In summary, at a position on the back focal plane 200, an angle (φ) is adjusted with respect to the radius (r) and angle (φ) on the polar coordinate system with the central axis of the objective lens 150 as the origin. Accordingly, it is possible to adjust the components of p-polarized light and s-polarized light incident on the sample 300, and the incident angle (θ) incident on the sample 300 may be adjusted by adjusting the radius (r). However, in the present invention, incident light incident on the back focal plane 200 is configured in a ring shape and has a sinusoidal light amount distribution along the circumference of a ring. That is, it may be seen that light is incident on the back focal surface 200 in a state in which the polarization component according to the azimuth angle has already been adjusted.

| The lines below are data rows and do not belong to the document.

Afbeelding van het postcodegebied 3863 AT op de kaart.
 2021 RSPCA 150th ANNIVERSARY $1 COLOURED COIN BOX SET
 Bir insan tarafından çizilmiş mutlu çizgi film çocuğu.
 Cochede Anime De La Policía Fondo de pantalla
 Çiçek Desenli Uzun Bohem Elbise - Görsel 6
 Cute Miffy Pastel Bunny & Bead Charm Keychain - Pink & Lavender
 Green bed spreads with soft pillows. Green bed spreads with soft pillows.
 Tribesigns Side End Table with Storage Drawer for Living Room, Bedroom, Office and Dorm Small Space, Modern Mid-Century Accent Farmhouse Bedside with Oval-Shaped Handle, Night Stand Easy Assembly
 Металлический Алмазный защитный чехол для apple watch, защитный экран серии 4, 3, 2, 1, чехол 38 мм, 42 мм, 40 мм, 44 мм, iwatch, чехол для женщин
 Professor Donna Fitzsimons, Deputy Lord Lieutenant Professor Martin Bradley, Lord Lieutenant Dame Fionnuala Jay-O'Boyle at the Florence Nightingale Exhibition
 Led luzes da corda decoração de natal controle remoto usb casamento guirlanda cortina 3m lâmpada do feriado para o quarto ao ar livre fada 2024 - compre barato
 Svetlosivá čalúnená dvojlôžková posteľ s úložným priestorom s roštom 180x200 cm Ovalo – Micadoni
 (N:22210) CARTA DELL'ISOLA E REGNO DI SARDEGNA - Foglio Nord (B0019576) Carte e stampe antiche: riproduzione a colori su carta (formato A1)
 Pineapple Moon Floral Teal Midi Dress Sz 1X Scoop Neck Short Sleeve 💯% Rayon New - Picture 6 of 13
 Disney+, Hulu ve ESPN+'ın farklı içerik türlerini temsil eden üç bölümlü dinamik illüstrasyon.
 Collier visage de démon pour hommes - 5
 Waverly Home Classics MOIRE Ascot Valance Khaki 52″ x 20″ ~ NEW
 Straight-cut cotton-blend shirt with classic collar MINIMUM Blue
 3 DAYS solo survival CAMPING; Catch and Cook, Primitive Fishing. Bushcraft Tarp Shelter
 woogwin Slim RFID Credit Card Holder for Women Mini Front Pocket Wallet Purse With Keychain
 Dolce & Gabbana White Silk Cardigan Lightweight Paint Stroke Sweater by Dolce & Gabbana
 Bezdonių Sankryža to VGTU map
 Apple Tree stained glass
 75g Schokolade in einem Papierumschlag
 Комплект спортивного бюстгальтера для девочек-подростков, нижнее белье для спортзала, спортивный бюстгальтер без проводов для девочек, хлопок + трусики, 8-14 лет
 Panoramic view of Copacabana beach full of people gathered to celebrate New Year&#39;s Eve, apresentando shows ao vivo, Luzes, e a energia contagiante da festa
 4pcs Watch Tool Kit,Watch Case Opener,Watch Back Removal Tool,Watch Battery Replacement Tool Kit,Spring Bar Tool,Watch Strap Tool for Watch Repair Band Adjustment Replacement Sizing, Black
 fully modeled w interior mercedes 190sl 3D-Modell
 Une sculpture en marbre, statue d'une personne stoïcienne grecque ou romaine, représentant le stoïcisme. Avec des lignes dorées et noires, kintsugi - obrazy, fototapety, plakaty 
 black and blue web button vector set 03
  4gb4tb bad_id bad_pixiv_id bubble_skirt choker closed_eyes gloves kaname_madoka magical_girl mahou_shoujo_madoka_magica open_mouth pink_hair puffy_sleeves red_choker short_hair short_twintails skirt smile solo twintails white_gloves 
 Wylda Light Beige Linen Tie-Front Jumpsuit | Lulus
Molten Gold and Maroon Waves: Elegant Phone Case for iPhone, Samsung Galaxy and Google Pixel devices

4. Method of Measuring Physical Properties and Thin Film Thickness in the Present Invention

The method of measuring physical properties and thin film thickness according to the present invention uses the ellipsometer 100. The thin film thickness measurement method includes a sinusoidal beam incident operation, a beam projection operation, a reflected light signal acquisition operation, and a signal processing operation.

The sinusoidal beam incident operation is performed by collaboration between the incident light controller 125 and the spatial light modulator 120. In the sinusoidal beam incident operation, the spatial light modulator 120 modulates the light received from the light source 110 to have a ring-shaped image by the incident light controller 125. It is preferable that the width of the ring is formed as small as possible. In the sinusoidal beam incident operation, light having a sinusoidal light amount distribution is irradiated along the circumference of the ring. The intensity of light emitted in the sinusoidal beam incident operation may have a function

$\frac{1}{2}+\frac{1}{2}\sin \left(0\right)$

distribution. In this case, the light irradiated in the sinusoidal beam incident operation has the same amount of light along the ring shape. This case has been previously defined as the MO mode. As an example, circular light incident on the back focal plane 200 of the objective lens 150 in the MO mode is shown in FIG. 7.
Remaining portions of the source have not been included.